2. Dimension Reduction & Structure (McClarren, Neuer, Bishop)

  • The Curse of Dimensionality: Experimental data often has high dimensionality (thousands of pixels or spectral channels) but low intrinsic rank.
  • SVD vs. PCA:
    • PCA (Principal Component Analysis) focuses on the covariance matrix (Neuer Ch 5.2).
    • SVD (Singular Value Decomposition) is the matrix factorization (\(\mathbf{X} = \mathbf{U} \mathbf{S} \mathbf{V}^T\)) used to compute it efficiently (McClarren Ch 4).
  • Principal Variations: The first few singular vectors capture the most significant “modes” of variation. In materials science, these correspond to physical phenomena (e.g., primary grain orientations or dominant chemical shifts).
  • Reduced Order Modeling (ROM): PCA allows us to represent complex time-series or images with a few “scores” ({i1}, u_{i2}$), which can then be mapped to processing parameters via regression (McClarren example).

90-Minute Lecture Strategy (50 Slides)

Part 1: The Measurement Chain (Slides 1-10)

  • From atoms to bits: The signal formation process.
  • Resolution, Contrast, and Information depth.
  • Sampling and Aliasing: The Nyquist-Shannon limit in the lab.

Part 2: Statistical Foundations (Slides 11-20)

  • Review of Variance, Covariance, and Correlation (Neuer Ch 2).
  • The Covariance Matrix: A geometric view of data spread.
  • Noise distributions: Why your error bars look the way they do.

Part 3: Dimensionality Reduction: PCA/SVD (Slides 21-35)

  • The intuition: Finding the “Natural” coordinate system of the data.
  • Step-by-step PCA: Mean centering, Covariance, Eigen-decomposition.
  • SVD: The engine of dimension reduction.
  • Interpreting Singular Values: The “Scree Plot” and explained variance.

Part 4: Materials Case Studies (Slides 36-45)

  • Spectral Denoising: Using PCA to separate signal from noise in EDS/XRD.
  • Time-series Compression: Managing high-frequency process logs.
  • Microstructure Eigen-modes: What does the “average” grain look like?

Part 5: Physics-ML Integration (Slides 46-50)

  • PCA as a “Physical Mode Finder.”
  • When PCA fails: Non-linearity and the need for more complex manifolds.
  • Introduction to the Fourier exercise: Inspecting periodicity in micrographs.

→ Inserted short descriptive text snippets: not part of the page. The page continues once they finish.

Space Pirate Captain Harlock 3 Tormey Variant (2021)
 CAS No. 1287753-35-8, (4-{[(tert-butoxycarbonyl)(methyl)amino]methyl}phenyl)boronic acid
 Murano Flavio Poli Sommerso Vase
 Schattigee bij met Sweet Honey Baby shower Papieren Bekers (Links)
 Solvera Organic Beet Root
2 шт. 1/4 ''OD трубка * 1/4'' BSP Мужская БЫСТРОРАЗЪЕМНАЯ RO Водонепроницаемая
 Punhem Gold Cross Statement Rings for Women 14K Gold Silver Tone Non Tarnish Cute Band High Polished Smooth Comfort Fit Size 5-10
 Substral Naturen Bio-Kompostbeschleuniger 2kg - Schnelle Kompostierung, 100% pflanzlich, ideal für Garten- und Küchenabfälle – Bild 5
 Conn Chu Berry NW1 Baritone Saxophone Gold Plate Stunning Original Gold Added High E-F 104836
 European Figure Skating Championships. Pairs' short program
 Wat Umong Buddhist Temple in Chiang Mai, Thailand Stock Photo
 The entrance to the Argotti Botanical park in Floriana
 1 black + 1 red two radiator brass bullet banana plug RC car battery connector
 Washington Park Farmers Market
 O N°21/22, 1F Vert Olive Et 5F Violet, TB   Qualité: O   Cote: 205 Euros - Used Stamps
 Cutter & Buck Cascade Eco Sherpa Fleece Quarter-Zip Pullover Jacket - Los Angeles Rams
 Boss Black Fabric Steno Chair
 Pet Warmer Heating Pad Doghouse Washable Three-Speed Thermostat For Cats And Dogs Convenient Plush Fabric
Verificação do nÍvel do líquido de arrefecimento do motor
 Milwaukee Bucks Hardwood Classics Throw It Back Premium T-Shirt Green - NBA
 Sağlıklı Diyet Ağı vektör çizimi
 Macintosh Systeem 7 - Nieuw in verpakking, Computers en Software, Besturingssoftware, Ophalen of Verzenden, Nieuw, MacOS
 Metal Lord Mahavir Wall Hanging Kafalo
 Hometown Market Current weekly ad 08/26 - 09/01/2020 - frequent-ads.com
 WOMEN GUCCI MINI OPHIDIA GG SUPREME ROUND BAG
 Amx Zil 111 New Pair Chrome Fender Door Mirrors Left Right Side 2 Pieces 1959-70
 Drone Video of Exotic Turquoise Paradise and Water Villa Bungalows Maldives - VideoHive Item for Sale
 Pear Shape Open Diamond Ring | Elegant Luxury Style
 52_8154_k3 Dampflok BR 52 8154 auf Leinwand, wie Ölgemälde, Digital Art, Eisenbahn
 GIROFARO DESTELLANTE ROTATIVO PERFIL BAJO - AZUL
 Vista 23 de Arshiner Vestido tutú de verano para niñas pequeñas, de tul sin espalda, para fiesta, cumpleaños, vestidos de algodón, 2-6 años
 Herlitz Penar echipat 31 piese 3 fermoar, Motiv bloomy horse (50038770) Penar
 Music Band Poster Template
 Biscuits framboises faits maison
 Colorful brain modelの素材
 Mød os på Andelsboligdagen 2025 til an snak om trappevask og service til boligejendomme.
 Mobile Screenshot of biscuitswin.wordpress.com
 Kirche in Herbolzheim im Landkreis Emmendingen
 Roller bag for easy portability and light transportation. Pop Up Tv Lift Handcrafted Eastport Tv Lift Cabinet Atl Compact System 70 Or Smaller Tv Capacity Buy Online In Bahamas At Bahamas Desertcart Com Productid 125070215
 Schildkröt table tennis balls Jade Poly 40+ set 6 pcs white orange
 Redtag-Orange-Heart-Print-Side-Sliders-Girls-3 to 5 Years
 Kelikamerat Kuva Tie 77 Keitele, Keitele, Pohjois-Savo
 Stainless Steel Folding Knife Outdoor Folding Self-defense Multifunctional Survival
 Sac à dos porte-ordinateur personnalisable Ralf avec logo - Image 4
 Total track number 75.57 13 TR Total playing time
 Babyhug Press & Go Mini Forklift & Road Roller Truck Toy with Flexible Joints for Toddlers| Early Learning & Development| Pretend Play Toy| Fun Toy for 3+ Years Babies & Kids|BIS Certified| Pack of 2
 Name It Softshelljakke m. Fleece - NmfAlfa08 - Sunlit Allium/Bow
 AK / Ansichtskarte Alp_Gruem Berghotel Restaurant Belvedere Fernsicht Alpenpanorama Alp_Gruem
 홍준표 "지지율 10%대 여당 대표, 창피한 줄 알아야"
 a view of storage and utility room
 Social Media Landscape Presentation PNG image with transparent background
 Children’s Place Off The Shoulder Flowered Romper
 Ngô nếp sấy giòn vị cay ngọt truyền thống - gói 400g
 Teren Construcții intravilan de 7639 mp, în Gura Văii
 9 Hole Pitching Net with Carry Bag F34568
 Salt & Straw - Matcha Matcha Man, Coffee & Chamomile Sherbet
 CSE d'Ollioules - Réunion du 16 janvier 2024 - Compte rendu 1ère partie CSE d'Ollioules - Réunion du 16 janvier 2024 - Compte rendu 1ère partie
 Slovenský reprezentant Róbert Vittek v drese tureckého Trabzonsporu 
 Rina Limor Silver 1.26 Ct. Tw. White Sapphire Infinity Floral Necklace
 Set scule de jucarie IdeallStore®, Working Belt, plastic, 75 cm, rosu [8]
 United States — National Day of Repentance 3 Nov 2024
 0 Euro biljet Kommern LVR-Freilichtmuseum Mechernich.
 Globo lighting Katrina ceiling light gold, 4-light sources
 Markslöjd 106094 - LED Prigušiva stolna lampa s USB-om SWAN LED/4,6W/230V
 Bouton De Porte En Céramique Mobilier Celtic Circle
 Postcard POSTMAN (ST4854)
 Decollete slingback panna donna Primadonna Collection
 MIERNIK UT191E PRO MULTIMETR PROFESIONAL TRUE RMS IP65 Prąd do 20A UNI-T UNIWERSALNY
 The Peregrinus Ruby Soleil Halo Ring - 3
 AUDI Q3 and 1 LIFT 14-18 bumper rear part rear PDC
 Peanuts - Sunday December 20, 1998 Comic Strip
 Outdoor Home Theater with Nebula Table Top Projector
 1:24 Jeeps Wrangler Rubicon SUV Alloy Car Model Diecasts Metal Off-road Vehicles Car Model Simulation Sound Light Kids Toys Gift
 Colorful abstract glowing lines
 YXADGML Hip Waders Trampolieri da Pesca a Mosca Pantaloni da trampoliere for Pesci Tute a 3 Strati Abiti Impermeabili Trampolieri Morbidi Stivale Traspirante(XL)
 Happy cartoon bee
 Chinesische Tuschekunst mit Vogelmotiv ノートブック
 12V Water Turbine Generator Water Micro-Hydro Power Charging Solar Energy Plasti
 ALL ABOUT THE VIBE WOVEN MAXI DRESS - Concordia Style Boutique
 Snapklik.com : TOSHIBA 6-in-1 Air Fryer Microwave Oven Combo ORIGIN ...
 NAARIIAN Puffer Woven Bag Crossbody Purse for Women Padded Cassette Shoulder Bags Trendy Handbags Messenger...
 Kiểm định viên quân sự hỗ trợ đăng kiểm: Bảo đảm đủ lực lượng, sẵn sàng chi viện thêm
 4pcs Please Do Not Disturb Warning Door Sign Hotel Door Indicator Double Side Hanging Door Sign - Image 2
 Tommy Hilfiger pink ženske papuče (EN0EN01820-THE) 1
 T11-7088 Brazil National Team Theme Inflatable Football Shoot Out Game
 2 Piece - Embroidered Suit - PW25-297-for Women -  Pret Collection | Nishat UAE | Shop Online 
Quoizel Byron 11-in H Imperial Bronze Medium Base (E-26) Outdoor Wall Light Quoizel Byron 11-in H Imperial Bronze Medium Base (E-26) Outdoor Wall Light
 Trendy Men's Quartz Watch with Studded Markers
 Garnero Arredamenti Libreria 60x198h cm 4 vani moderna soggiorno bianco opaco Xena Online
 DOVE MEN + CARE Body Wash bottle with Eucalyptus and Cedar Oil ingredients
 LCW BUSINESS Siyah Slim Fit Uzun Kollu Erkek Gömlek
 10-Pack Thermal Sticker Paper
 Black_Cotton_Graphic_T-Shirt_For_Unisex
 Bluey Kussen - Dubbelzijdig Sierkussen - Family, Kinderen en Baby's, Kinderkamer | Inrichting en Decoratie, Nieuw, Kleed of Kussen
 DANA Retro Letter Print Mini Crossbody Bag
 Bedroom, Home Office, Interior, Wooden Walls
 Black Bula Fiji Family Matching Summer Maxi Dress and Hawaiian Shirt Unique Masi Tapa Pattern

Quarto Website Update (Summary)

Summary for ML-PC Week 2:
This unit bridges the gap between the physical process of data acquisition and the mathematical tools used to describe it. We analyze how signals are formed in characterization tools and how physical constraints (resolution, noise, sampling) act as priors for learning. We then introduce Principal Component Analysis (PCA) and Singular Value Decomposition (SVD) as fundamental techniques for discovering low-dimensional structure in high-dimensional experimental datasets.